Sunday, January 4, 2015

Some Tips For The North Korean Defector

By Chris Rossini

Mashable reports:
A South Korean activist said Wednesday that he will launch balloons carrying DVDs of Sony's The Interview toward North Korea to try to break down what he considers a personality cult built around dictator Kim Jong-un. [...]

"North Korea's absolute leadership will crumble if the idolization of leader Kim breaks down," Park said by telephone.
Ok...While it's not easy to fault someone who has defected from a prison camp, and who wants to change things for the better, I do want to point out some strategic errors here.

First, it's never the person (i.e., the tyrant, the dictator, the President, etc.) Rather it's the ideas and beliefs that are held by the victims. In this case, the main issue is not Kim Jong-un. He's just the flavor of the day. After him, there's surely a long and endless line of tyrants that would fill his void.

If the dominant idea held by the North Korean people is that they must be ruled, yearn to be ruled, and despise any other alternative, then the crumbling of Kim Jong-un idolization will mean nothing. They'll just idolize someone else.

People in the United States suffer from a similar dilemma. Americans are ruled by rotating tyrants. The idea was accepted that if the tyrants serve a term of 4-8 years, that this is somehow superior to it just being one person. Every new American tyrant is idolized at first, with tears and incense, while the tyrant whose term is coming to an end is cursed as a bum. Americans are like a dog that returns to his own vomit.

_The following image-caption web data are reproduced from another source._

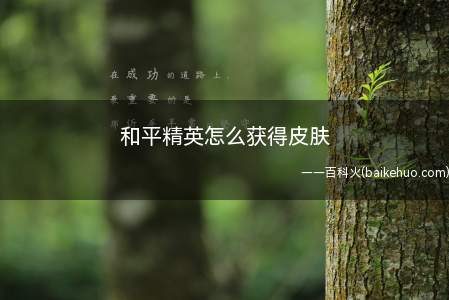 和平精英怎么获得皮肤（和平精英手游怎么获得皮肤）
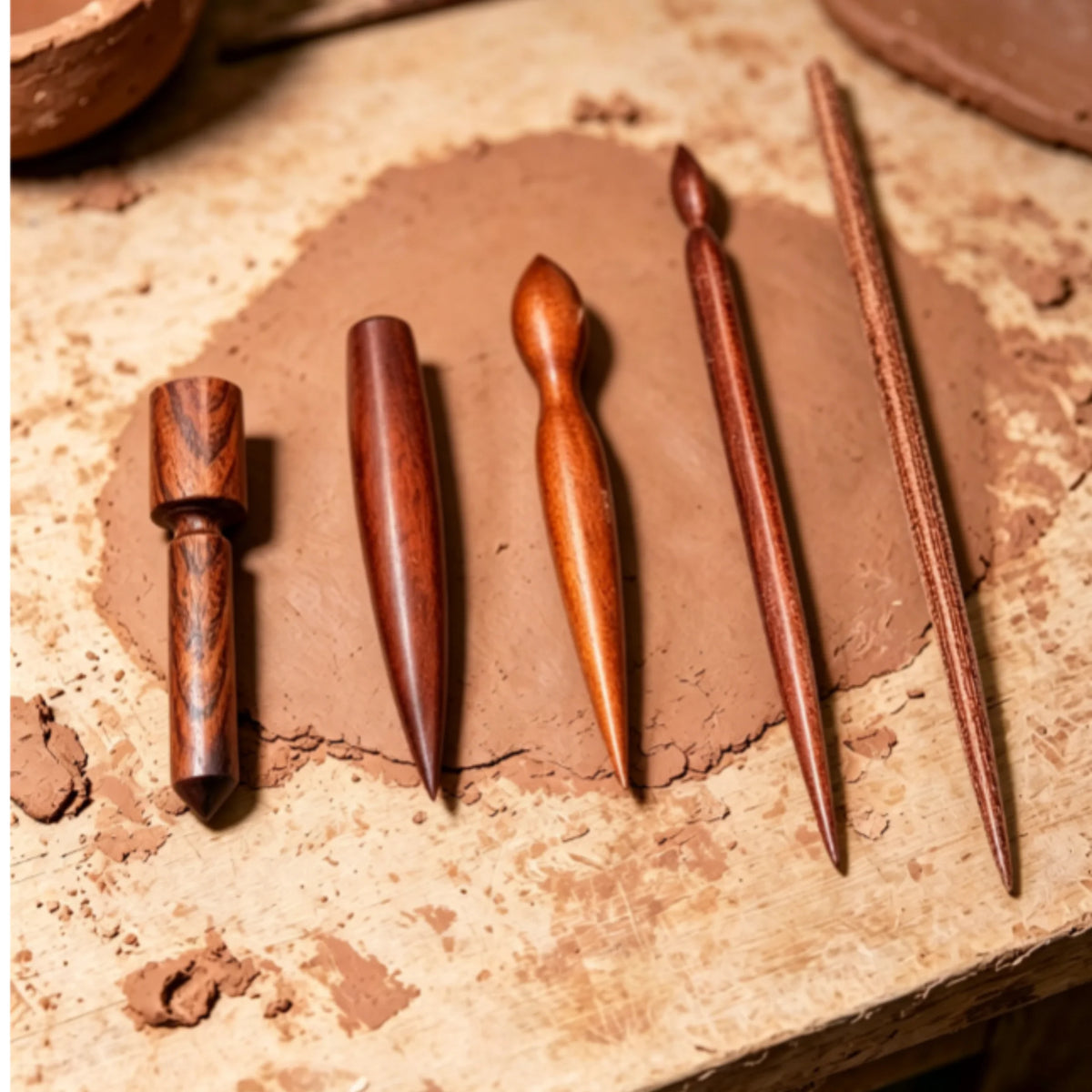 Wooden Pottery Clay Shaping & Carving Tool | Hardwood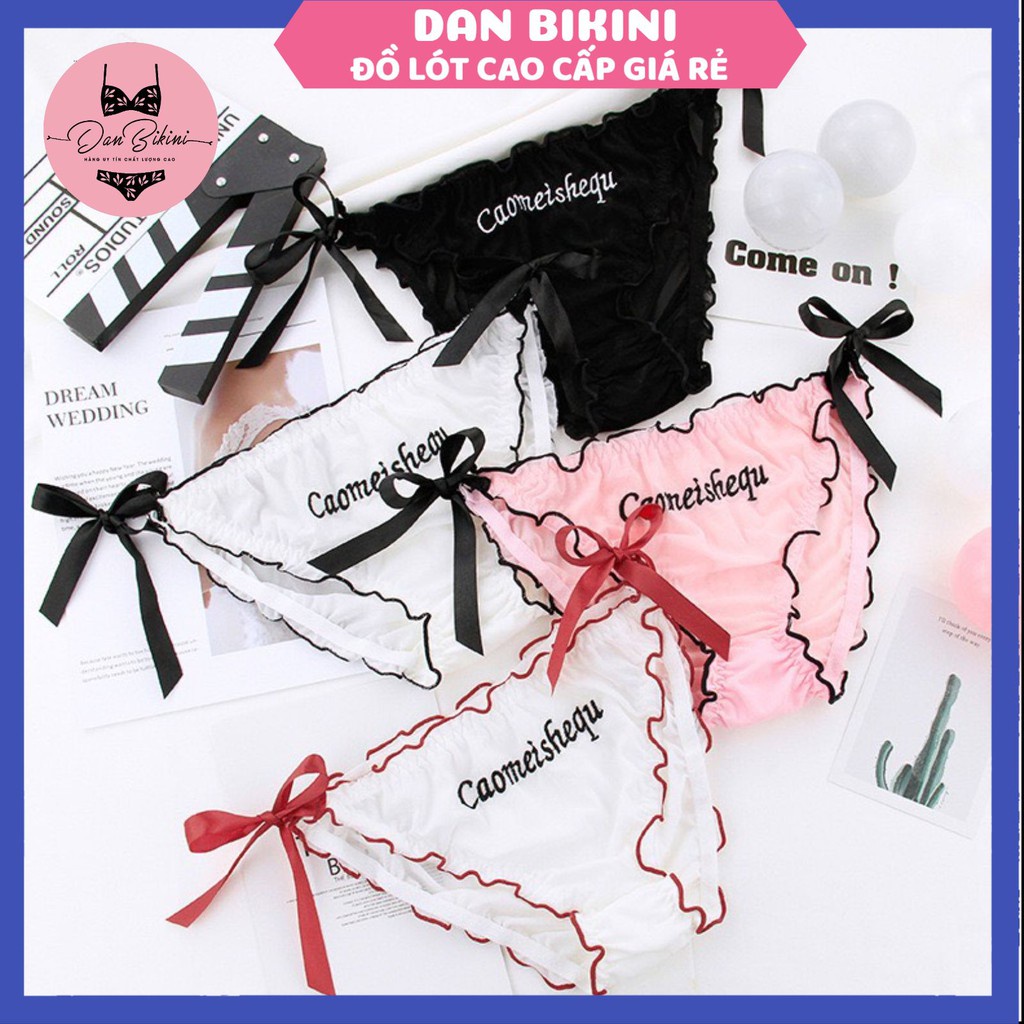 Quần Lót Nữ Cotton cao cấp viền bèo buộc nơ in chữ mỏng mát tôn dáng mẫu 3019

Once again, the key is the ideas, not the people who rotate in and out to fleece the public. If the North Korean defector wanted to really change his former country, he wouldn't be balloon dropping a Seth Rogen movie, but copies of For a New Liberty! While he's at it, he should balloon drop copies over the United States as well! Liberty is on a respirator here, and the rotating tyrants are tripping over themselves to pull the plug.

What if North Koreans (and Americans) no longer believed that they should have a boot over their throats? What if they believed that no man may use aggressive force against anyone else? That no man could kill with immunity. That no man could steal with immunity.

Now you're talking about positive change, without a cult of personality, and without idolization. There's a reason why Ron Paul would say over and over that it's not about him. People are quick to look for a new idol. But he stressed that he's just one of many messengers of an idea. The idea of Liberty. No leaders to bow to, to obey, or to idolize.

As tempting as it is to hate and focus on the tyrant of the day, they're not where the focus should reside. The focus should be on the dominant ideas that are held by the victimized masses.

Chris Rossini is author of Set Money Free: What Every American Needs To Know About The Federal Reserve. Follow @chrisrossini on Twitter.


  1. When was For A New Liberty translated into Korean? :-)

  2. CR - couldn't agree more with you regarding the appropriate target. But if you think the "victimized masses" will change their minds and embrace liberty after exposure to liberty promoting books like For A New Liberty (one of my personal favorites), then I have a bridge in Brooklyn I'd be glad to sell to you.

    1. It's not for the masses: it's for the Remnant. Same as anywhere.

  3. A DVD is no good without a DVD player and electricity. North Korea seems to lack both.